CodeSearch

A hybrid semantic code search engine combining BM25, neural embeddings, and Reciprocal Rank Fusion.

Search page with BM25 / Dense / Hybrid mode toggles, optional TF-IDF query expansion, and six example queries chosen to show where semantic search outperforms keyword matching.

Overview

CodeSearch takes a natural-language query — "function that retries with exponential backoff", "sort list of dictionaries by key" — and returns ranked Python functions from a 13,000-function corpus built from the CodeSearchNet dataset. Three retrieval modes are available: BM25 (lexical), Dense (neural embeddings via DistilRoBERTa), and Hybrid (Reciprocal Rank Fusion combining both). Each result includes a score breakdown showing the contribution from each retriever, and a K-Means cluster panel showing semantically similar functions from the same embedding neighborhood. The app also includes a landing page at / with live evaluation metrics pulled from the API, and a full evaluation dashboard at /eval.

Lexical search fails when the user describes intent rather than naming identifiers — BM25 matches on "exponential" and surfaces a curve-fitting function, not a retry decorator. Dense retrieval solves this but misses exact identifiers that BM25 catches trivially. Hybrid RRF with k=60 combines both ranked lists and, on the CodeSearchNet test split, achieves MRR 0.782 — a 20.5% improvement over BM25 (0.649) and 3.3% over the dense baseline (0.757). The evaluation uses the official held-out test split with no overlap between query text and indexed code.

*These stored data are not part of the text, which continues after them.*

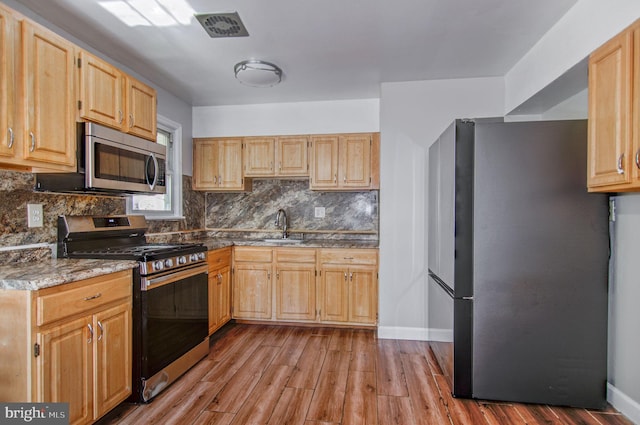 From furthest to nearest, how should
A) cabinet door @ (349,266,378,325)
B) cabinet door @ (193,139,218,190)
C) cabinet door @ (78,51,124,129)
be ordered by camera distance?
cabinet door @ (193,139,218,190), cabinet door @ (349,266,378,325), cabinet door @ (78,51,124,129)

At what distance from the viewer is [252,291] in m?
3.67

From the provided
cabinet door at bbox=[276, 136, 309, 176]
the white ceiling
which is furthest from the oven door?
the white ceiling

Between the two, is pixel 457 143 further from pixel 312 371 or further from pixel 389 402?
pixel 312 371

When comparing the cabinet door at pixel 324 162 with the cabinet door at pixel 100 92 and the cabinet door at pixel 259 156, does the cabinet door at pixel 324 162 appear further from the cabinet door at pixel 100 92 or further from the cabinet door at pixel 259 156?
the cabinet door at pixel 100 92

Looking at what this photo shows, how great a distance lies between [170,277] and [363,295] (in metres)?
1.89

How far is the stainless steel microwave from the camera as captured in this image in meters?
2.11

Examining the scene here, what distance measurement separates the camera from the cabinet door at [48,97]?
1.77 metres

This was built as a final-year project for the Information Retrieval course at RV College of Engineering, Bengaluru.

Highlights

Hybrid retrieval achieves 0.782 MRR on the CodeSearchNet Python test set — a 20.5% improvement over BM25 and 3.3% over the dense baseline.
11 IR algorithms implemented across the stack, from BM25Okapi and TF-IDF pseudo-relevance feedback to DistilRoBERTa biencoder embeddings, FAISS IndexFlatIP, K-Means (k=50) clustering, and Reciprocal Rank Fusion — each mapped to a source file in the table below.
Per-result score breakdown in the UI: for Hybrid results, shows BM25 rank, Dense rank, and each retriever's RRF contribution computed as 1/(60 + rank).
Built on the official CodeSearchNet test split with manually implemented MRR, NDCG@10, and Recall@10 — no sklearn metric shortcuts, and docstring-leakage in the index was caught and fixed before evaluation.
43.9ms p50 latency for hybrid search over a 13,000-function FAISS index running on CPU.

Key Results

Mode	MRR	NDCG@10	Recall@10	p50 latency	p95 latency
BM25	0.6493	0.6800	0.7760	24.9ms	160.2ms
Dense	0.7574	0.7882	0.8840	13.6ms	38.1ms
Hybrid	0.7823	0.8085	0.8910	43.9ms	176.4ms

Hybrid RRF outperforms both base retrievers on every metric. The +20.5% MRR gain over BM25 and +3.3% over Dense is the headline finding: rank fusion consistently extracts more signal from the combination than either retriever contributes alone.

Demo

Evaluation dashboard at /eval, showing live metrics fetched from eval_results.json via the /eval API endpoint. The radar chart axes are IR metrics (MRR, NDCG@10, Recall@10); polygons are retrieval modes.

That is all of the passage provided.